I’m convinced there is no such thing as minimalism. I can’t think of an example in any art form that is convincingly ‘minimal’ to me. Works that usually fall into this category scream fetish at me—an elaborately enforced silence, an elaborately enforced stillness, an elaborately enforced sheen, an elaborately enforced pose. And exposed in each of those ‘enforcements’ is ‘force’. I feel space (of the page, of the gallery, of the concert hall) become impacted by these requirements, solid as a tooth in the jaw. Language usually also packs this ‘emptied’ space like infected bone. Moreover, ‘restraint’ and ‘constraint’ always seem to produce or reveal ‘strain’.
My favorite example of ‘restraint’ not producing minimalism is Matthew Barney’s Drawing Restraints. Already deeply in debt to Jack Smith among other sources, Barney makes an absolute expenditure of withholding; his restraint from drawing implodes into acts of wild costume, gesture, texture, insertion, extrusion, multiphilia.

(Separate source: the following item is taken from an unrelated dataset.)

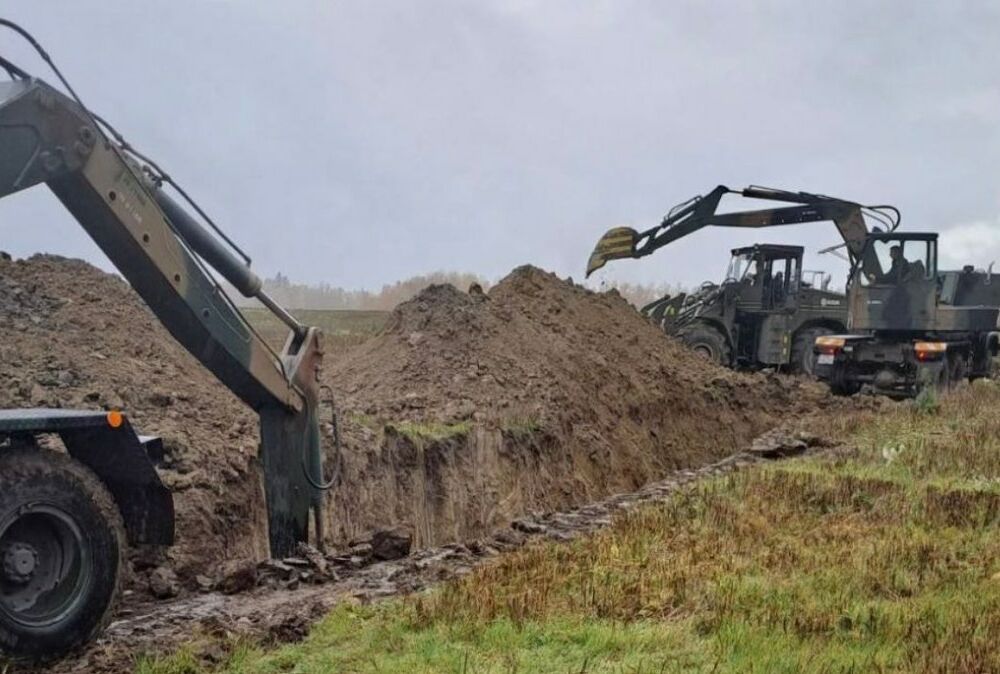 Польща почала будувати укріплення на кордоні з Росією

A secondary language of minimalism is the economy of spaces and contexts in which it appears: bank lobbies, bank plazas, the middle of carefully cleaned white pages, under magazine laminate, hissing from the microphone in the acoustical hall. All these environments and adornments and contexts amount to a secondary ‘language’ of minimalism which is the opposite of absence. The tertiary language of minimalism: money. As we all know from ‘shelter’ magazines, it costs a lot to look like you don’t own anything at all. In the case of ‘minimalist’ writing (what is this anyway? writing that uses few words? few lines?) context is the fee.